Segment Start: Source material

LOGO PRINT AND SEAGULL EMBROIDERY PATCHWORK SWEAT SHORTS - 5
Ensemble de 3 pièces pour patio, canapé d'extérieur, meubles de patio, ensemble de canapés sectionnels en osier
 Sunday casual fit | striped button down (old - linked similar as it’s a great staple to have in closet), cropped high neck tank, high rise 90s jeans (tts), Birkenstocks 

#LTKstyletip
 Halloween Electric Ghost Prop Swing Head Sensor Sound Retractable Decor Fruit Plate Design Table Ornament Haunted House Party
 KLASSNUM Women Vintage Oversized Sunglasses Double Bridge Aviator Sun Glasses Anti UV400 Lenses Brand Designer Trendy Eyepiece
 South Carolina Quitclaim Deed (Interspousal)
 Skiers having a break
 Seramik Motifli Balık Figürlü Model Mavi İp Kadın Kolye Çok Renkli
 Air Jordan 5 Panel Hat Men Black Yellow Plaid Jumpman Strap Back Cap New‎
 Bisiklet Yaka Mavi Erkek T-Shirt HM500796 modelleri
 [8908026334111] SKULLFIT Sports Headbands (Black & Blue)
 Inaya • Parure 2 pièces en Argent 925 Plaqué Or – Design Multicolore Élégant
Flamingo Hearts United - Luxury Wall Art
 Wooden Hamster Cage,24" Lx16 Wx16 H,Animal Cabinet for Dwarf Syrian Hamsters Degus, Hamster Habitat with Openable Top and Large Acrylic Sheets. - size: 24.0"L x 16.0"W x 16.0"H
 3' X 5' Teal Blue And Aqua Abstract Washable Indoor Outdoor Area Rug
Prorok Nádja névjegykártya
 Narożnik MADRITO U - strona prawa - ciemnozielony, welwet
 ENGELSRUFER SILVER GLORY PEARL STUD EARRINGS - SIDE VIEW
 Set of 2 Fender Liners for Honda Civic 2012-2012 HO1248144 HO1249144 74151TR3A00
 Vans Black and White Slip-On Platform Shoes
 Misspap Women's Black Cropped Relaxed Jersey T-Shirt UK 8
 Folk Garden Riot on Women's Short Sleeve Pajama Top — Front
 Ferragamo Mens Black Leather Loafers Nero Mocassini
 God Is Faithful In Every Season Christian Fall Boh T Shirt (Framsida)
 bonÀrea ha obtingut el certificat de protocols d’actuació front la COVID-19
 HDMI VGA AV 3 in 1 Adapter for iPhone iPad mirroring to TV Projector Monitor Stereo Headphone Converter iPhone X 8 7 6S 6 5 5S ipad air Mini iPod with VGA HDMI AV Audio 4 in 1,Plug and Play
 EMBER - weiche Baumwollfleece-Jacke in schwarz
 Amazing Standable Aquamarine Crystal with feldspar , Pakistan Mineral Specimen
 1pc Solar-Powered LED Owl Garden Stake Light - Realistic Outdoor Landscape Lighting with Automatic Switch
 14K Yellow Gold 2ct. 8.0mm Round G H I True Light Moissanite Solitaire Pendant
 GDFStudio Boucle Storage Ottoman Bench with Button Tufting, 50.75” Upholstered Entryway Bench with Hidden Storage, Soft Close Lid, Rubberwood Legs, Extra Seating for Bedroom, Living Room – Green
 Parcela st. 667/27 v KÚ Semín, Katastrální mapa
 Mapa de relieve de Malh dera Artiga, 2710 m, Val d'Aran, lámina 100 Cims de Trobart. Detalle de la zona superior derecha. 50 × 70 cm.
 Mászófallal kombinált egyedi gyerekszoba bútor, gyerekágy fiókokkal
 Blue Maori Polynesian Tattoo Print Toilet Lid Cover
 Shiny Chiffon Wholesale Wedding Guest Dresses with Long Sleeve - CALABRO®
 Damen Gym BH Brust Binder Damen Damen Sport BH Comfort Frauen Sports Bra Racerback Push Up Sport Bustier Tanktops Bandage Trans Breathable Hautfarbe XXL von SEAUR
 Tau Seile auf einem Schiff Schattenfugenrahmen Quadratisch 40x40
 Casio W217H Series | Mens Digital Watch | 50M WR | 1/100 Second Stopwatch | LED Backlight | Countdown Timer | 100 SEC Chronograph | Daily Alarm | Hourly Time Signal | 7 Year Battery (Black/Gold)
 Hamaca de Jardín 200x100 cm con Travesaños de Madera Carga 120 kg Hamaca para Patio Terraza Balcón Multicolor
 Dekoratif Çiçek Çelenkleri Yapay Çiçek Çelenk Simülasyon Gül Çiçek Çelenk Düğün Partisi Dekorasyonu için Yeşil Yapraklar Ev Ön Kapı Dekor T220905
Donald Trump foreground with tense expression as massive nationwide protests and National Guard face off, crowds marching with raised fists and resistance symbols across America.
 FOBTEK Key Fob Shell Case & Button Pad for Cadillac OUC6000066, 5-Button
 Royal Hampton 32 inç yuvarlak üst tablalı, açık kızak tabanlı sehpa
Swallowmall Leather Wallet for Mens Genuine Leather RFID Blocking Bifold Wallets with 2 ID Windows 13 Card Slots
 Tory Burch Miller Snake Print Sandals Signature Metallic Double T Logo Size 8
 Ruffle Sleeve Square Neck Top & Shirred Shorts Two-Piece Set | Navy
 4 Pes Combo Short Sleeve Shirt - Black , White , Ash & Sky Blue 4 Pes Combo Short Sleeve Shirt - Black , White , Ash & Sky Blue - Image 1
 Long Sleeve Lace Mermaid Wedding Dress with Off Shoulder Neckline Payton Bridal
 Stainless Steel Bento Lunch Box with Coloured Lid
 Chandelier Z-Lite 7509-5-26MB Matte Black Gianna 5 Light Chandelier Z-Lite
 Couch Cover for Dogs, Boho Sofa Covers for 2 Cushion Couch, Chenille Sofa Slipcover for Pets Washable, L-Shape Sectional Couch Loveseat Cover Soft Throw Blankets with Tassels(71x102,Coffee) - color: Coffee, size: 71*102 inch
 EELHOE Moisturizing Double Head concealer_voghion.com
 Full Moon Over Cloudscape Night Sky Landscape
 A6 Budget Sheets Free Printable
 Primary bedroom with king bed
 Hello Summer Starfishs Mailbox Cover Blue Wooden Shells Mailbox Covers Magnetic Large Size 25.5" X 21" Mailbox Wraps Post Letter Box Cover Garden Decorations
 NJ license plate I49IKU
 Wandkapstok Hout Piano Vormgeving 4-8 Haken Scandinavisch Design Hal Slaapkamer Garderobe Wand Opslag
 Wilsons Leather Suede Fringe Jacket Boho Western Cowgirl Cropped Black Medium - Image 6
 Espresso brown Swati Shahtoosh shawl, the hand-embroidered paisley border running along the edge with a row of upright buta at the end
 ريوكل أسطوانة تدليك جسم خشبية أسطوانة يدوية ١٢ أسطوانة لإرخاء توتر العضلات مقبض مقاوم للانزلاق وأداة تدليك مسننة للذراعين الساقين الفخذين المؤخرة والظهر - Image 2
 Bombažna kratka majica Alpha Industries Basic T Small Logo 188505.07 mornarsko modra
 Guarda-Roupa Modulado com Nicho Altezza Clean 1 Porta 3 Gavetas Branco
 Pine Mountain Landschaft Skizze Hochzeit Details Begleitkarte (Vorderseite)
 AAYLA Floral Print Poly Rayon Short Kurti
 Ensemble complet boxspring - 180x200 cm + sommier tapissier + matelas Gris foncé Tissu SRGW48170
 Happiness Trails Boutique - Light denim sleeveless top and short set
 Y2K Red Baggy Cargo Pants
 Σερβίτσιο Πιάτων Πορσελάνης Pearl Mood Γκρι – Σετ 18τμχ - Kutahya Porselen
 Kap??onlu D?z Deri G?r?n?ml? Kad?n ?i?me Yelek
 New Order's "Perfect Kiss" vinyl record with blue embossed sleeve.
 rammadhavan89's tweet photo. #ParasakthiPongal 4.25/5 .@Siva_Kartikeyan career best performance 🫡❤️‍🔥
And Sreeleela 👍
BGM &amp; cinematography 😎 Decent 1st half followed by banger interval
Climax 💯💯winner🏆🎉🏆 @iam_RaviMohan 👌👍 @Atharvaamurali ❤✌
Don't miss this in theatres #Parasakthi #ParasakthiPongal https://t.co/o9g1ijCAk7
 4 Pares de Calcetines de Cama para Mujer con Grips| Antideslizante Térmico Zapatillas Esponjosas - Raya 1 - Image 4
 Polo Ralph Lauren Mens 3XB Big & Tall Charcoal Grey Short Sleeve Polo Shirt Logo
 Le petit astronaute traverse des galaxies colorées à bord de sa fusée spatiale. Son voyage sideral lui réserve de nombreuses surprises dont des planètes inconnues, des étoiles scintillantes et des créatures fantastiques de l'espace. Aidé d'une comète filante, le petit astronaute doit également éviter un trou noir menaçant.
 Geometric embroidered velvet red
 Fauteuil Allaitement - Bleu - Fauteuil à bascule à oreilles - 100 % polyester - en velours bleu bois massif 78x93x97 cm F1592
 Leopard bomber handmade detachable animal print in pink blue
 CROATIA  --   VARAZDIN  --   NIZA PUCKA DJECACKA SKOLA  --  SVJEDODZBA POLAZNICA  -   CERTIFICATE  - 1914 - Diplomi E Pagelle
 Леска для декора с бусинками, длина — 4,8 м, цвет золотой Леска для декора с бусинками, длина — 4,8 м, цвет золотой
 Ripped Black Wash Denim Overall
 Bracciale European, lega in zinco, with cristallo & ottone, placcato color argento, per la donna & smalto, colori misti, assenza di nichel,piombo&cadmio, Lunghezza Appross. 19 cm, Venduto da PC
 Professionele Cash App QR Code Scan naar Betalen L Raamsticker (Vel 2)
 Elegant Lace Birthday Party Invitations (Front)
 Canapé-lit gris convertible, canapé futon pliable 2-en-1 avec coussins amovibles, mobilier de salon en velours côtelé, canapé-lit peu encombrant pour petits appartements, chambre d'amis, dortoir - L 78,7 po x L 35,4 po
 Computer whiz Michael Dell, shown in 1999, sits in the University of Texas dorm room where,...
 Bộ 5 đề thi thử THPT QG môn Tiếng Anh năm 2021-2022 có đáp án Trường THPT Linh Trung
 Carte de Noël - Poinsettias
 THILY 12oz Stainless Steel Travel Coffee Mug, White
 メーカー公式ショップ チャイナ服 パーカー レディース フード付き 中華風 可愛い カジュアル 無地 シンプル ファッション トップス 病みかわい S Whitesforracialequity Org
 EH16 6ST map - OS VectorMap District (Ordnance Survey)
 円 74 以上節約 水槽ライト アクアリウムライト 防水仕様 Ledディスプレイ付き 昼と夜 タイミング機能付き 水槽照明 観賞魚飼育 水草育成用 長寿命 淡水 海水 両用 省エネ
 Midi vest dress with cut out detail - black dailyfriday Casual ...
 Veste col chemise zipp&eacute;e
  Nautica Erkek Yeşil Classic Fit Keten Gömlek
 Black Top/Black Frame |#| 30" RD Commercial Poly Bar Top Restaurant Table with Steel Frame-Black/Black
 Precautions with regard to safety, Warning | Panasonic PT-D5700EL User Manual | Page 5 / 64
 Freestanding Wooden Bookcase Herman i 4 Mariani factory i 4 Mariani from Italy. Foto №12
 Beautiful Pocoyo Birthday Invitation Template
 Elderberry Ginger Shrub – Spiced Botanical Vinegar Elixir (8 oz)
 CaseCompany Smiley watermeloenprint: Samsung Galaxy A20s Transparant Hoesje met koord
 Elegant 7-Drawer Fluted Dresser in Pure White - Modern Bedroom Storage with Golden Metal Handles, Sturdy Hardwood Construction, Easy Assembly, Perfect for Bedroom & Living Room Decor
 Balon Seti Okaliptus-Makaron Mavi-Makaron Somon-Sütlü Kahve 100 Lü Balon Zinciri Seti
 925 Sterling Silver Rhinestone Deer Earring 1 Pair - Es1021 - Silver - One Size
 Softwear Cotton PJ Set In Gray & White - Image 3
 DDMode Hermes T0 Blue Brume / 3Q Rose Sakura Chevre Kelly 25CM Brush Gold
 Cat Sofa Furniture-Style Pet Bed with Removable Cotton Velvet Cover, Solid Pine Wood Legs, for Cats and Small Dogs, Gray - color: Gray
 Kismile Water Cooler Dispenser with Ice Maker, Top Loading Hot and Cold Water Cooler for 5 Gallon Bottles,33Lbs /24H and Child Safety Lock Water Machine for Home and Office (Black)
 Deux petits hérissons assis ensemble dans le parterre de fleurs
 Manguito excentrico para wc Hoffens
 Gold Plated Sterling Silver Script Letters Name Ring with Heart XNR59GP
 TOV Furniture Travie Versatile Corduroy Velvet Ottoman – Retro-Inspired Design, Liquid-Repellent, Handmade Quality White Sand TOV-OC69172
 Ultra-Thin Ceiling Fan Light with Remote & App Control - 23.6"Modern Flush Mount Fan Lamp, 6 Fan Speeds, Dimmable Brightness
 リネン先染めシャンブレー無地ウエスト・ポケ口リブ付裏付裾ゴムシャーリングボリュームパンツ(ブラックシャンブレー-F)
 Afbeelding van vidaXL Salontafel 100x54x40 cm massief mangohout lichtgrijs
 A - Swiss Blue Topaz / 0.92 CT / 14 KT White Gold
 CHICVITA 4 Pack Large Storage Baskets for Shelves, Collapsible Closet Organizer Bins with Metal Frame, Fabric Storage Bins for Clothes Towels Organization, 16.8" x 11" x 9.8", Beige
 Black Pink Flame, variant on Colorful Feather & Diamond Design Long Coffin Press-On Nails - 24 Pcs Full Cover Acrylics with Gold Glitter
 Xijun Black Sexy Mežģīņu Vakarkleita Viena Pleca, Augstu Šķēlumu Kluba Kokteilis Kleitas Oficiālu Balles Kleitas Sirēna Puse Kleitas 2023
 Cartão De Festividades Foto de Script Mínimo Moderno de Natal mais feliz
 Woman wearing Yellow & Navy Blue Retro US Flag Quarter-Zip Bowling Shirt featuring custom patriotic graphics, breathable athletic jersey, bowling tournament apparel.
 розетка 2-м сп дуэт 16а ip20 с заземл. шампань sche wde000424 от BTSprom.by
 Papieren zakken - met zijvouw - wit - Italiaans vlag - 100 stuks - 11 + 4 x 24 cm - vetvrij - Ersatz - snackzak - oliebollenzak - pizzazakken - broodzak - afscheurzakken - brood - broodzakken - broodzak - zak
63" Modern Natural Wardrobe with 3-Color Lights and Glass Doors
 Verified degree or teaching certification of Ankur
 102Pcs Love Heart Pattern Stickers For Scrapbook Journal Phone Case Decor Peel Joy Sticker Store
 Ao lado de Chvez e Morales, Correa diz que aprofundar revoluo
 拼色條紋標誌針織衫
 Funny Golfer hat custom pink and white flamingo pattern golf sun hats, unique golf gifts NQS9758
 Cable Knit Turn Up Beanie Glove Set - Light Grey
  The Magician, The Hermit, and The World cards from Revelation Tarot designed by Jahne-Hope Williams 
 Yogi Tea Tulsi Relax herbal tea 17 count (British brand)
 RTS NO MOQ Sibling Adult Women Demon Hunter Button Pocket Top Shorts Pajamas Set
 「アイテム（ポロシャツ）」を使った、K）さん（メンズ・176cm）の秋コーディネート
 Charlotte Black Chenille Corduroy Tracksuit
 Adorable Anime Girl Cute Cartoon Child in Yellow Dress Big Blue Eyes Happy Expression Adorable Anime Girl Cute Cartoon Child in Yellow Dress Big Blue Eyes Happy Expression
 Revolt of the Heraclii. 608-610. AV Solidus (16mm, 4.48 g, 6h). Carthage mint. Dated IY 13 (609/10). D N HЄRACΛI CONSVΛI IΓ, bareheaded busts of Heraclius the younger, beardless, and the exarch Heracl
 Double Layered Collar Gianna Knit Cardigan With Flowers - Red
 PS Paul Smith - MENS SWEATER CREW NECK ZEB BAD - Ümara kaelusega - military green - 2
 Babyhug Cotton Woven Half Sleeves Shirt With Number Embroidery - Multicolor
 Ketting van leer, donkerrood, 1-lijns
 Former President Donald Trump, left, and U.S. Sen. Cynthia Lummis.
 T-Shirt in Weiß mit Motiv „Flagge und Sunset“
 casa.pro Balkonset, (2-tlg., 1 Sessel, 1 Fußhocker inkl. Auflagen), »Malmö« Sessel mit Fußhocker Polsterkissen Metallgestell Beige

Segment End: Source material

Which lines above run from the one containing "Flamingo Hearts United - Luxury Wall Art" down to the one containing "Amazing Standable Aquamarine"? Repeat exactly those, both ends included, and nothing else.

Flamingo Hearts United - Luxury Wall Art
 Wooden Hamster Cage,24" Lx16 Wx16 H,Animal Cabinet for Dwarf Syrian Hamsters Degus, Hamster Habitat with Openable Top and Large Acrylic Sheets. - size: 24.0"L x 16.0"W x 16.0"H
 3' X 5' Teal Blue And Aqua Abstract Washable Indoor Outdoor Area Rug
Prorok Nádja névjegykártya
 Narożnik MADRITO U - strona prawa - ciemnozielony, welwet
 ENGELSRUFER SILVER GLORY PEARL STUD EARRINGS - SIDE VIEW
 Set of 2 Fender Liners for Honda Civic 2012-2012 HO1248144 HO1249144 74151TR3A00
 Vans Black and White Slip-On Platform Shoes
 Misspap Women's Black Cropped Relaxed Jersey T-Shirt UK 8
 Folk Garden Riot on Women's Short Sleeve Pajama Top — Front
 Ferragamo Mens Black Leather Loafers Nero Mocassini
 God Is Faithful In Every Season Christian Fall Boh T Shirt (Framsida)
 bonÀrea ha obtingut el certificat de protocols d’actuació front la COVID-19
 HDMI VGA AV 3 in 1 Adapter for iPhone iPad mirroring to TV Projector Monitor Stereo Headphone Converter iPhone X 8 7 6S 6 5 5S ipad air Mini iPod with VGA HDMI AV Audio 4 in 1,Plug and Play
 EMBER - weiche Baumwollfleece-Jacke in schwarz
 Amazing Standable Aquamarine Crystal with feldspar , Pakistan Mineral Specimen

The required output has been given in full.